== What this task involves ==
Retype the line where "Moonlit Lake in Whimsical Watercolour Style" appears and each line that follows it down to the last line of the records below. Leave the pictures out.

# # # # # # #

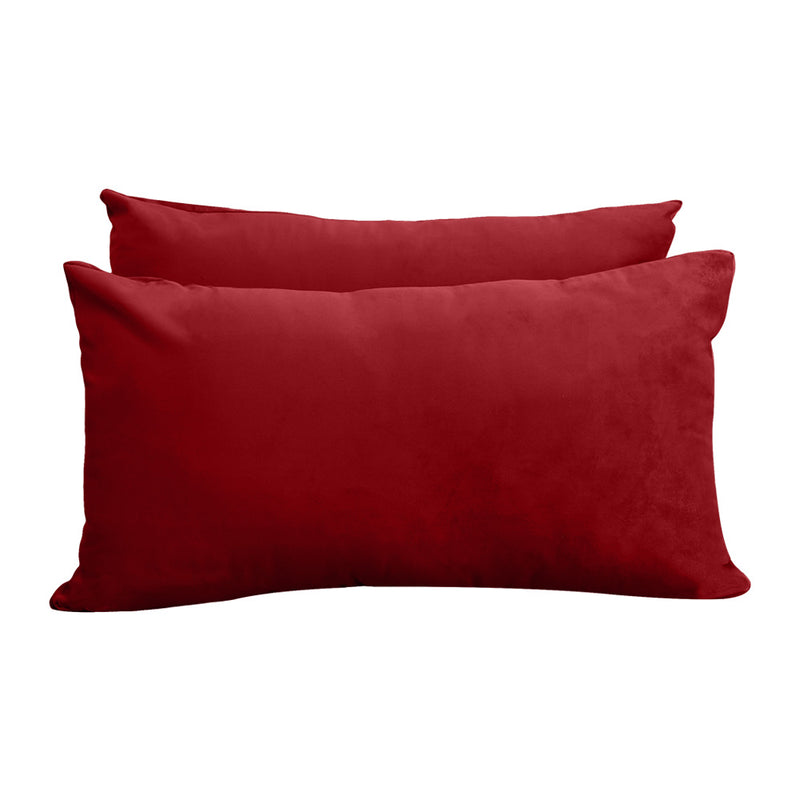 Model V2 - Velvet Indoor Daybed Bolster Pillow Backrest Cushion |COVERS ONLY|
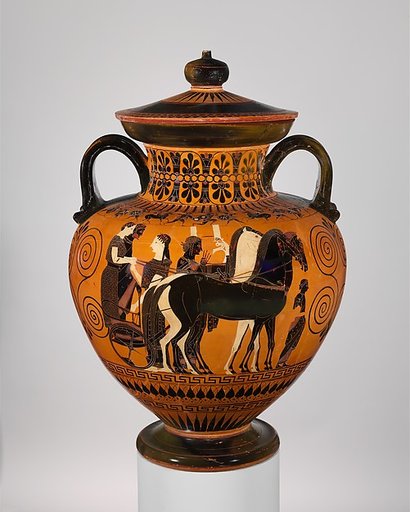 Terracotta neck-amphora (jar) with lid and knob (27.16)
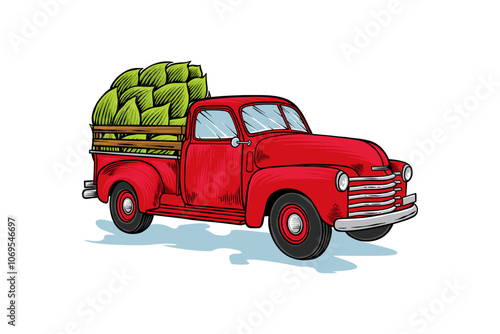 illustration of a red car carrying green hops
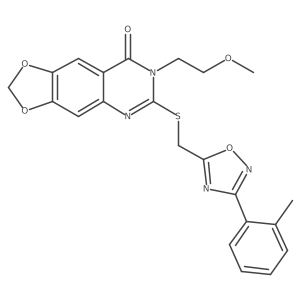 7-(2-methoxyethyl)-6-({[3-(2-methylphenyl)-1,2,4-oxadiazol-5-yl]methyl}sulfanyl)-2H,7H,8H-[1,3]dioxolo[4,5-g]quinazolin-8-one Structure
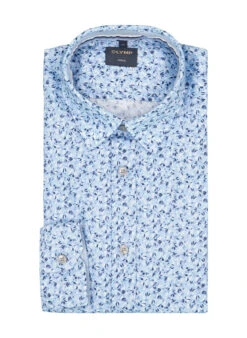 OLYMP, Hemd, Regular Fit, Baumwolle, Bleu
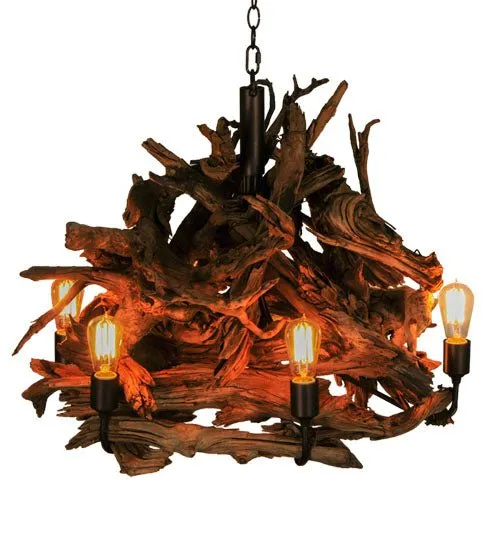 Rustic Driftwood Lodge Chandelier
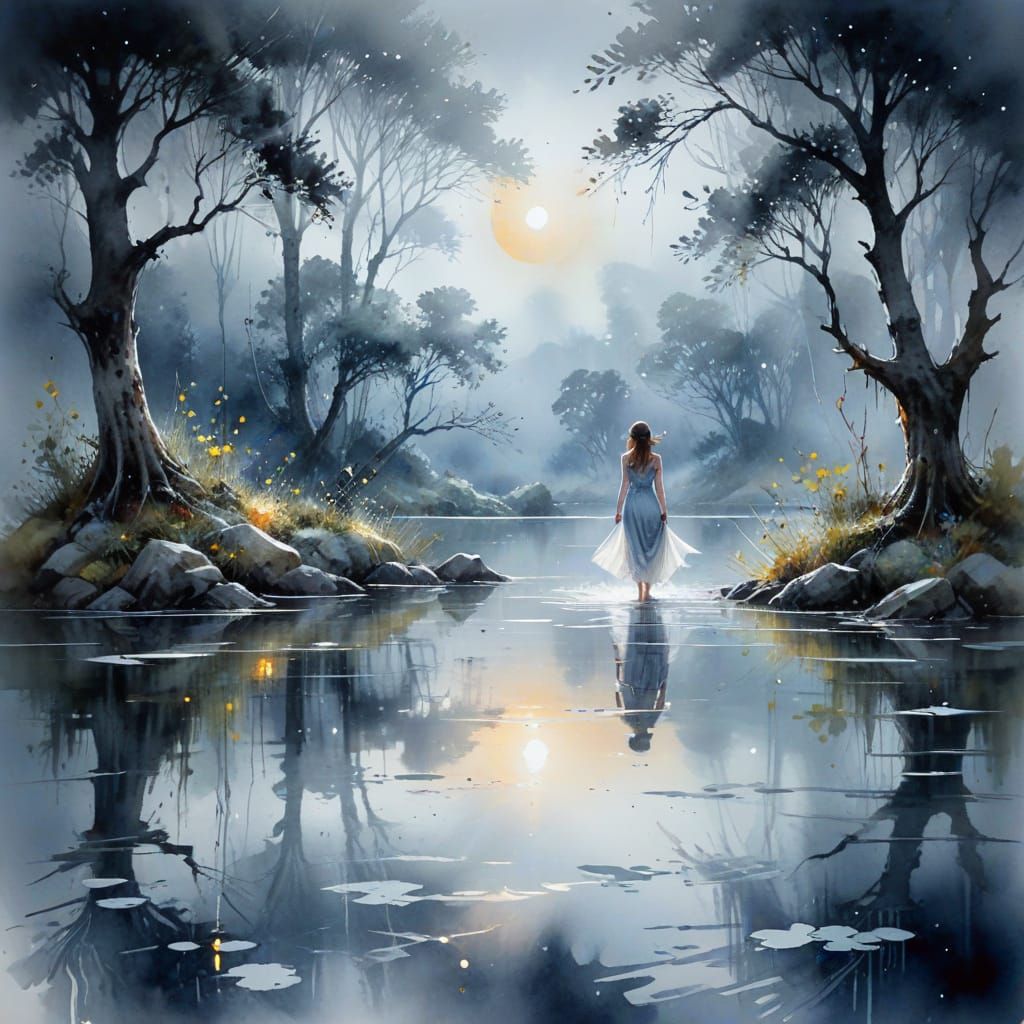 Moonlit Lake in Whimsical Watercolour Style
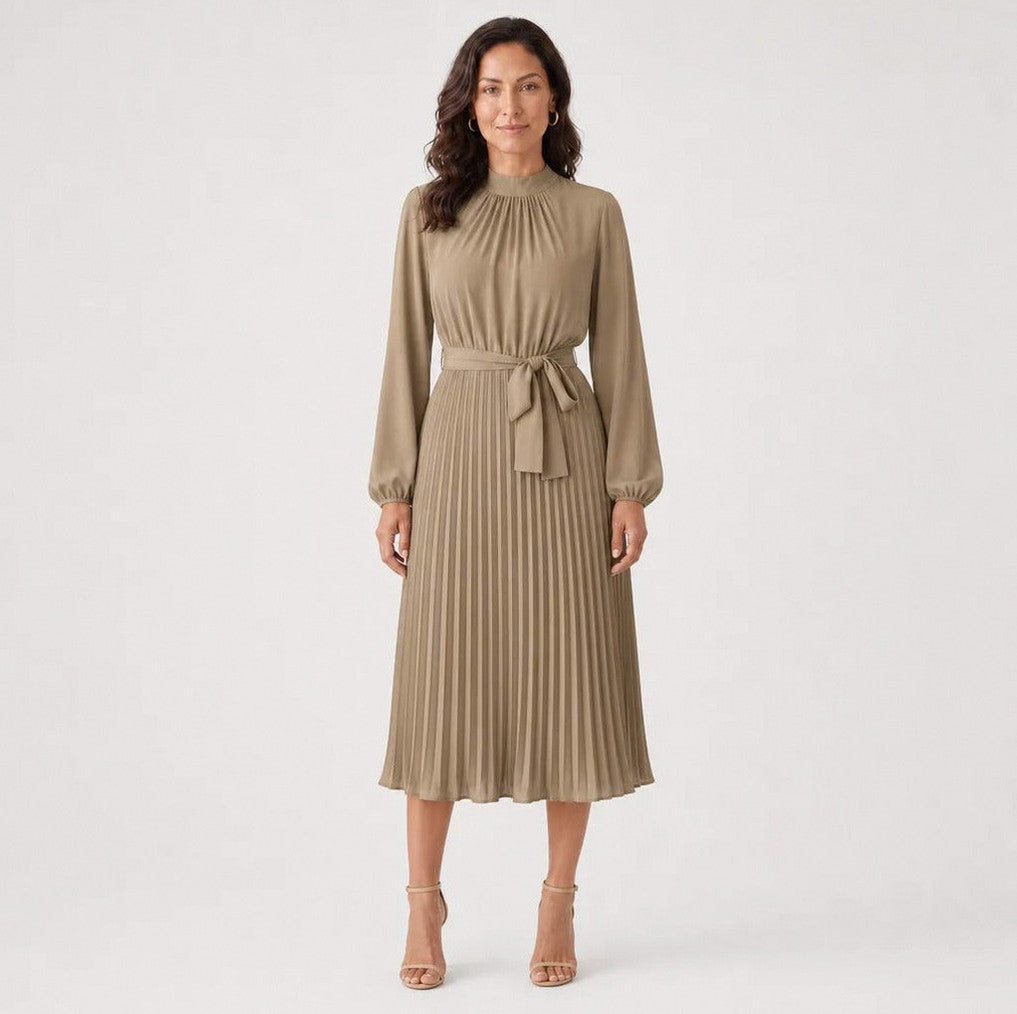 Pleated Mock Neck Midi Dress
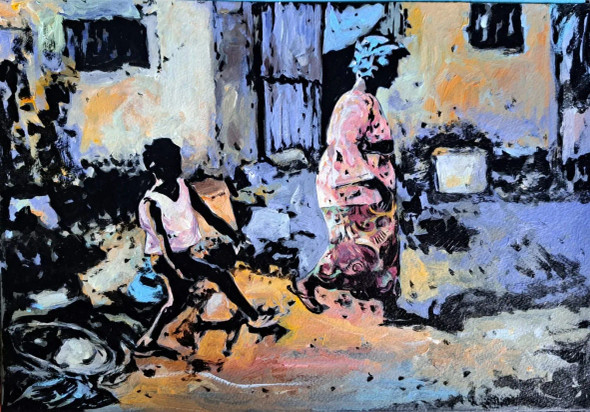 Slum Area (ART-18009-120496) - Handpainted Art Painting - 14in X 11in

# # # # # # #

== Your response ==
 Moonlit Lake in Whimsical Watercolour Style
 Pleated Mock Neck Midi Dress
 Slum Area (ART-18009-120496) - Handpainted Art Painting - 14in X 11in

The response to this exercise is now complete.